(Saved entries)
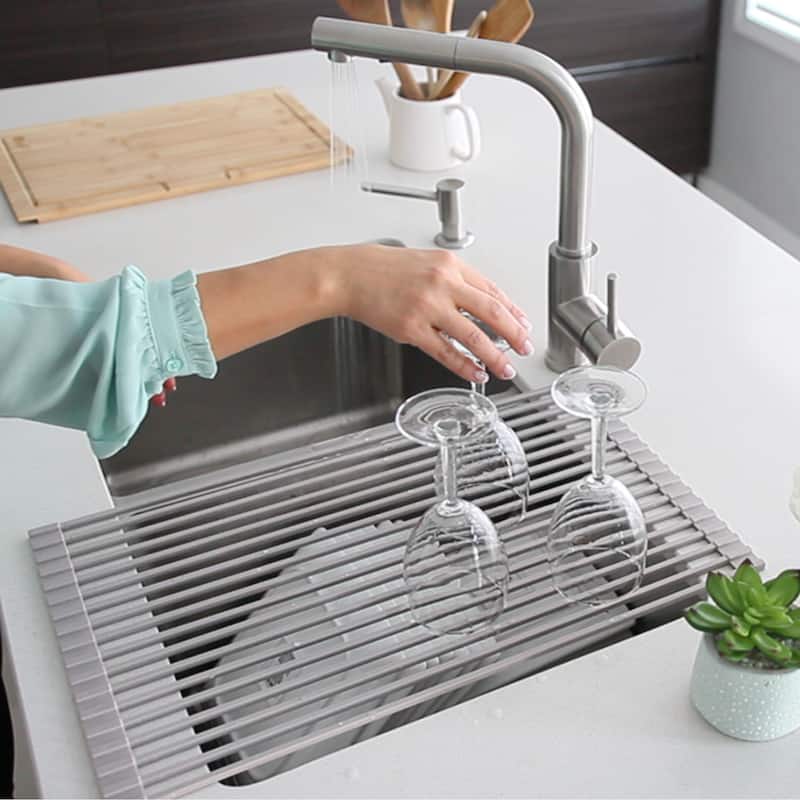 STYLISH Multipurpose Over Sink Roll-Up Dish Drying Rack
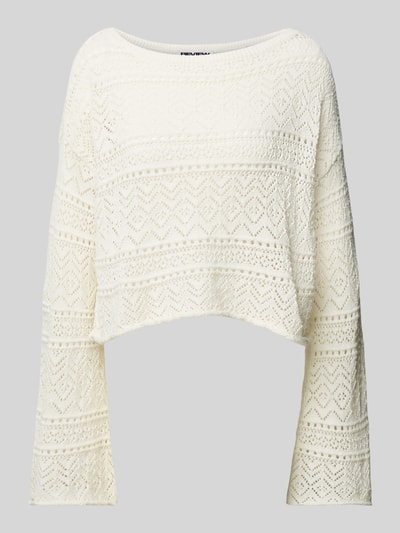 Review Strickpullover mit Lochmuster Offwhite 1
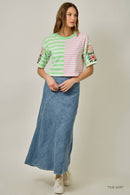 Rose Embroidered Mix Stripe Tee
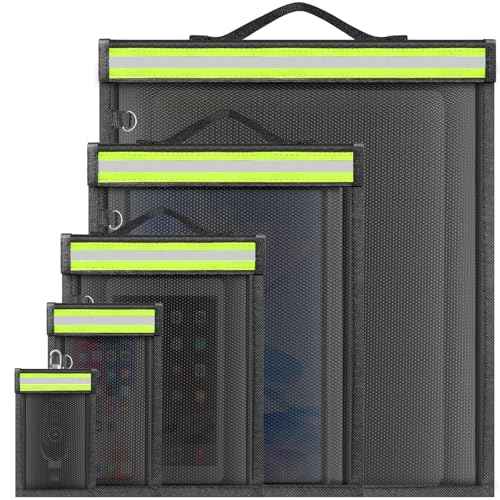 5 Pack Faraday Bags with Handle & Reflective Strip, Faraday cages for Laptops, Tablets, Phones, Car Keys, Anti-Tracking EMP Bag, Fireproof & Waterproof Signal Blocking Pouch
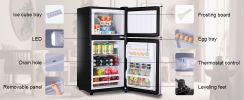 Compact Refrigerator,  CUTE RETRO PASTEL BLUE, 3.5Cu.Ft, Mini Fridge / Freezer, Antique Look, 2 Door
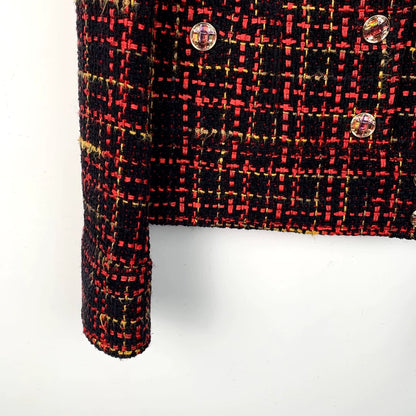 Chanel Red and Black Knit Jacket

YOUR TASK –
Write out the records above once more, word for word, with no pictures.

WRITTEN ANSWER –
 STYLISH Multipurpose Over Sink Roll-Up Dish Drying Rack
 Review Strickpullover mit Lochmuster Offwhite 1
 Rose Embroidered Mix Stripe Tee
 5 Pack Faraday Bags with Handle & Reflective Strip, Faraday cages for Laptops, Tablets, Phones, Car Keys, Anti-Tracking EMP Bag, Fireproof & Waterproof Signal Blocking Pouch
 Compact Refrigerator,  CUTE RETRO PASTEL BLUE, 3.5Cu.Ft, Mini Fridge / Freezer, Antique Look, 2 Door
 Chanel Red and Black Knit Jacket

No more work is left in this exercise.